Congress wants the military to be much more transparent as to what is happening and what they are doing. The fact that many of the incidents are brief itself raises questions, including the possibility that whatever lies behind the UFO incidents is intelligent and is actively seeking to hide itself from detection. Nonetheless, it is important to reiterate, what has been observed does not indicate the origin of the UFOs needs to be extra-terrestrial in origin, though, as many would also indicate, this does not mean such a source for their activity has been ruled out. We do not know what we are dealing with, and that is why more research needs to be done. While some speculate that the odds are extremely low that non-terrestrial life would ever visit us on the Earth, those working out such odds are basing their analysis on an extremely limited understanding of the universe, and so they could be using many false assumptions to form their equations.  Of course, we should be cautious, and not speculate based upon the most extravagant claims, suggesting that UFOs clearly are non-terrestrial in origin, because that would be an extraordinary claim, and extraordinary claims require extraordinary evidence. Unless there is something being hidden from us, right now, all we have is speculation.

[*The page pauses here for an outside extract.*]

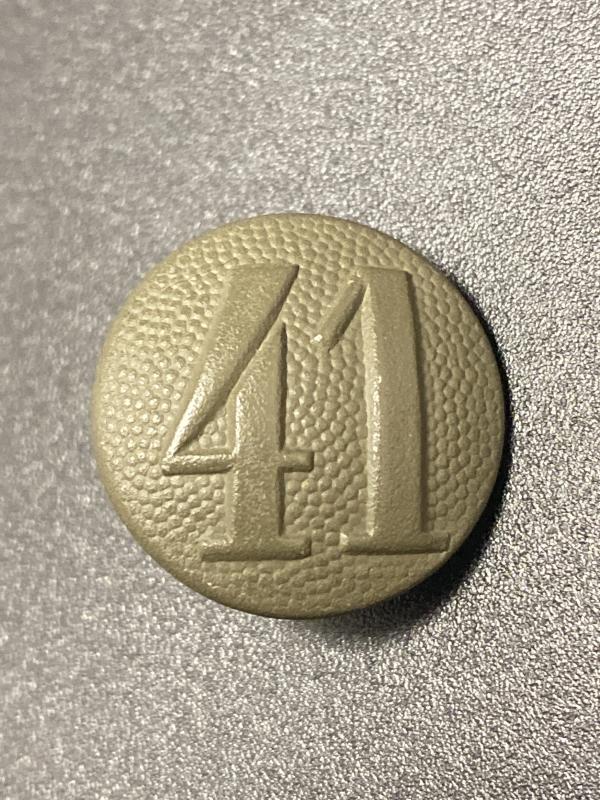 HJ Epaulette Button Number 41 RZM M5/249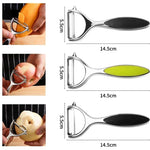 Load image into Gallery viewer, 304 SS Rotatable Y Peeler – Fruit Veggie Kitchen Gadget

From a Christian perspective, we cannot rule out the possibility that we are dealing with extra-terrestrial life. While some Christians deny such life exists, they do so mostly with the assumption that Scripture would tell us if such life existed; that argument, however, is merely an argument from silence.  There is much which we have learned about the universe which Scripture has not directly referenced, and that is not surprising, since Scripture was not written to give us a complete, all-encompassing understanding of what exists. Its purpose is to teach us about our place in the universe, our relationship with God, and the way God, out of love, works for us (and also for the rest of creation). Another reason why some deny other intelligent forms of life would exist in the universe is because of their understanding of the incarnation and what they think was achieved by it. They suggest God became human so that only for the sake of humanity. That ignores the way Scripture suggests God is at work in Christ to save and perfect all creation:

In him we have redemption through his blood, the forgiveness of our trespasses, according to the riches of his grace which he lavished upon us. For he has made known to us in all wisdom and insight the mystery of his will, according to his purpose which he set forth in Christ  as a plan for the fulness of time, to unite all things in him, things in heaven and things on earth (Eph. 1:7 – 10 RSV).

Scripture tells us that the incarnation took place so that he Logos could reconcile all things with God:

For in him all the fulness of God was pleased to dwell,  and through him to reconcile to himself all things, whether on earth or in heaven, making peace by the blood of his cross (Col. 1:19-20 RSV).

Christian tradition has long explored the cosmic significance of the incarnation. If there are forms of life in the universe which we do not know, God knows of them, and has a place for them in the midst of Christ’s cosmic accomplishments. Of course, this does not mean God cannot and will not engage them in other ways, ways which we do not yet know, for it is clear, God, and the acts of God, transcend our knowledge and understanding.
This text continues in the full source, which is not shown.